Маджух осмотрелся — один за другим, беззвучно воплощаясь из сгустившегося сумрака, жреческие слуги в чёрном, с закрытыми лицами, скользили мимо него по коридору, молча устремлялись за охранниками, утащившими долговязого; часть слуг в почтительных позах обступила Бо Арангака, внимая его кратким указаниям, другие окружили Маджуха, всё ещё державшего в руке петицию рабов.
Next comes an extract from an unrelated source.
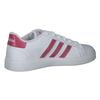 Adidas Grand Court Lifestyle Tennissko LKK25 Fottøy Ekte Hvit Størrelse cm Snøring Barn, Hvit/Lag Magenta/Fottøy (GY4764), 19.0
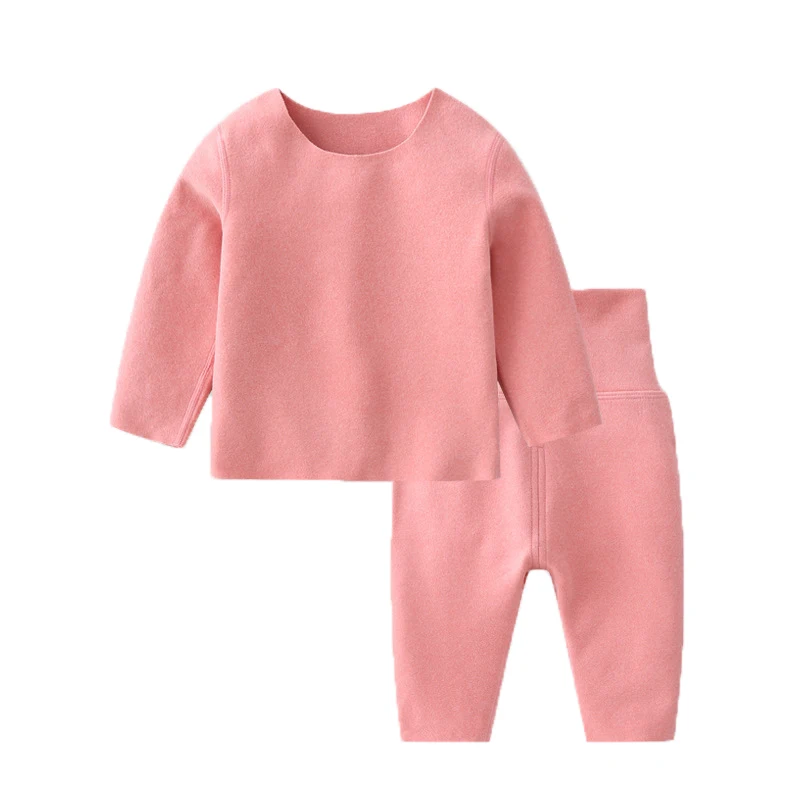 Momlover Winter Baby Suit ragazzi ragazze cappotto lungo e pantaloni due pezzi accogliente e caldo tuta per neonati vestiti appena nati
— Мне. — Бо Арангак повелительно простёр длань. Маджух с поклоном подал бумагу жрецу.

— Кто главный смутьян и зачинщик? — Чёрный чудотворец брезгливо воззрился на петицию.

— Тот, кого взяли бойцы.

— Отдай его моим людям. Распорядись, чтобы не возникло недоразумения.

— Но... необходимо дознание!..

— Все остальные — твои. Разве этого мало?.. Тот, кто предназначен богу, должен быть чист и невредим.

Похоже, для Бо Арангака происшествие вовсе не выглядело досадным.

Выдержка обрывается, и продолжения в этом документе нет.